Within this context, it is with profound regret that I must conclude on the evidence before the court that it is in Alta’s best interests for the treatment that is currently sustaining her precious life now to be withdrawn. The parents cannot be criticised for having reached a different decision informed by the religious laws that govern their way of life. But applying the secular legal principles that I must, and according due respect to the deeply held religious convictions of the parents, I cannot agree with their assessment and am required to act accordingly. As Waite LJ made clear in Re T (a minor)(wardship: medical treatment) [1997] 1 All ER 906 at 916-917:
“The starting point, and the finishing point too, must always be the judge’s own independent assessment on the balance of advantage or disadvantage of the particular medical step under consideration”.
In concluding this judgment, it is also important to mark the dedication and care of the medical team who have treated Alta with the utmost care and dedication since her birth and during a period of unprecedented pressure and difficulty within the NHS. The Children’s Guardian expresses it in eloquent and moving terms:
“I was incredibly moved by not only the skilled care of the medical team but also by the strength of love and compassion with which they cared for Alta.
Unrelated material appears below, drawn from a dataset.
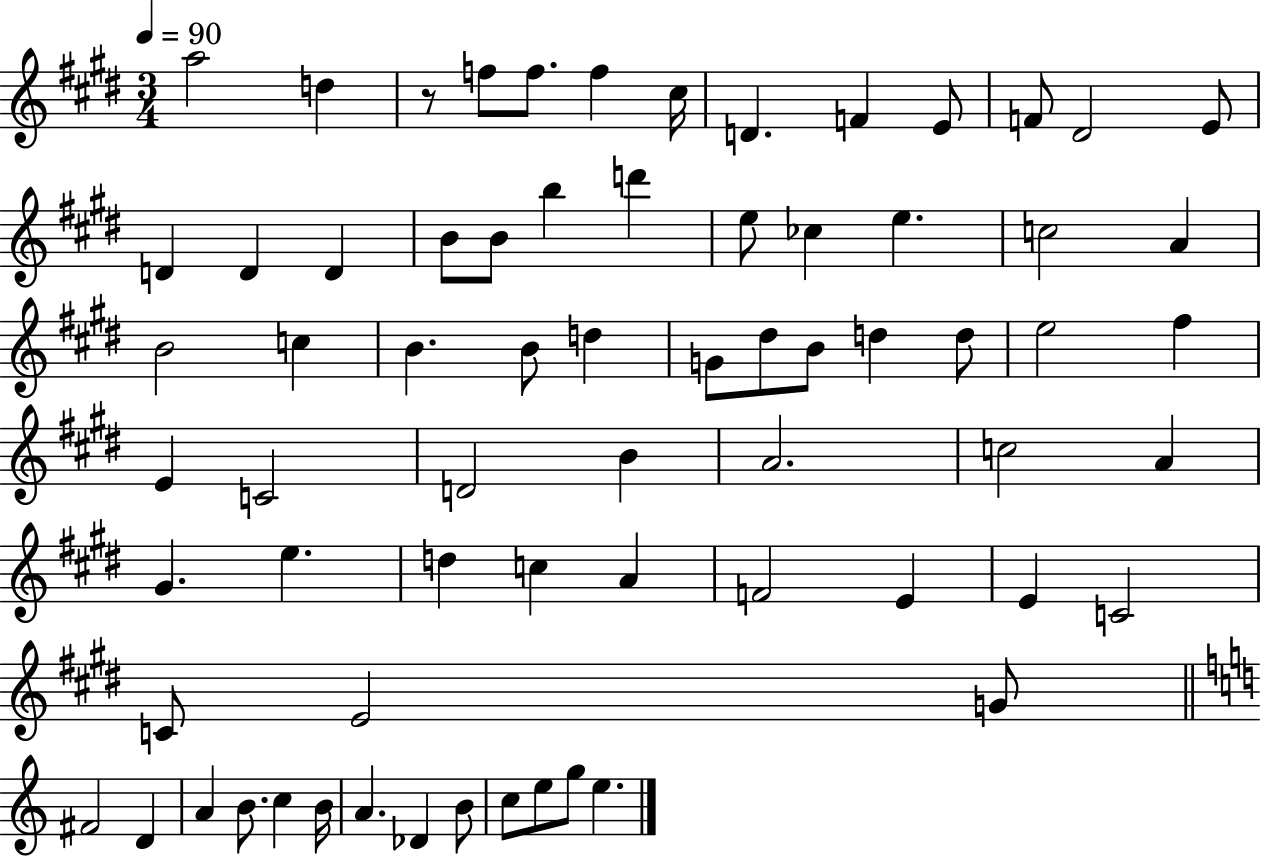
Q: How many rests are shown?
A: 1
The first nurse I met was young and engaging. She had expert knowledge of Alta’s needs and was to spend her entire twelve-hour shift at her bedside. She spoke to Alta before she did any interventions, used terms of endearment such as ‘gorgeous girl’ and moved her with extreme care. She gave her a bed bath and changed her outfit. She then sponge-washed her hair, patted it dry and then put it in two plaits with clips with tiny bows on. Despite knowing that Alta has no awareness of such, the care and consideration she and the other staff I met gave Alta was obvious… I asked the nurses what it felt like to care for her and all responded with the utmost respect, impressive medical knowledge but with a deep sense of sadness that the care they give, from a nursing perspective but also on a human level, only ever causes her pain. One nurse (several years experienced on paediatric intensive care) said to me ‘I go home and cry about Alta…I came into nursing to make people better, more comfortable and we cannot do that for her’.”
For all the reasons I have given, I make a declaration pursuant to the inherent jurisdiction of the High Court that it is not in the best interests of Alta for life-sustaining medical treatment to be continued, and that it is in her best interests for a palliative care regime to be implemented. Whilst it is important now to implement the judgment of the court expeditiously in light of the findings I have made with respect to pain and suffering, a little time will need to be given to allow the parents to come to terms with the decision of the court in order that Alta, I hope, has the benefit of their input and presence at the end of her life. Further, if it is to be the case that Alta is to be taken to Israel for burial following her death then, accepting the uncertainties as to the period of survival following the withdrawal of treatment, careful co-ordination of those arrangements with the point at which life sustaining treatment is withdrawn will need to be made. I am satisfied that that planning should form part of the overall plan that governs the withdrawal of treatment.
That, with immense sadness, is my judgment.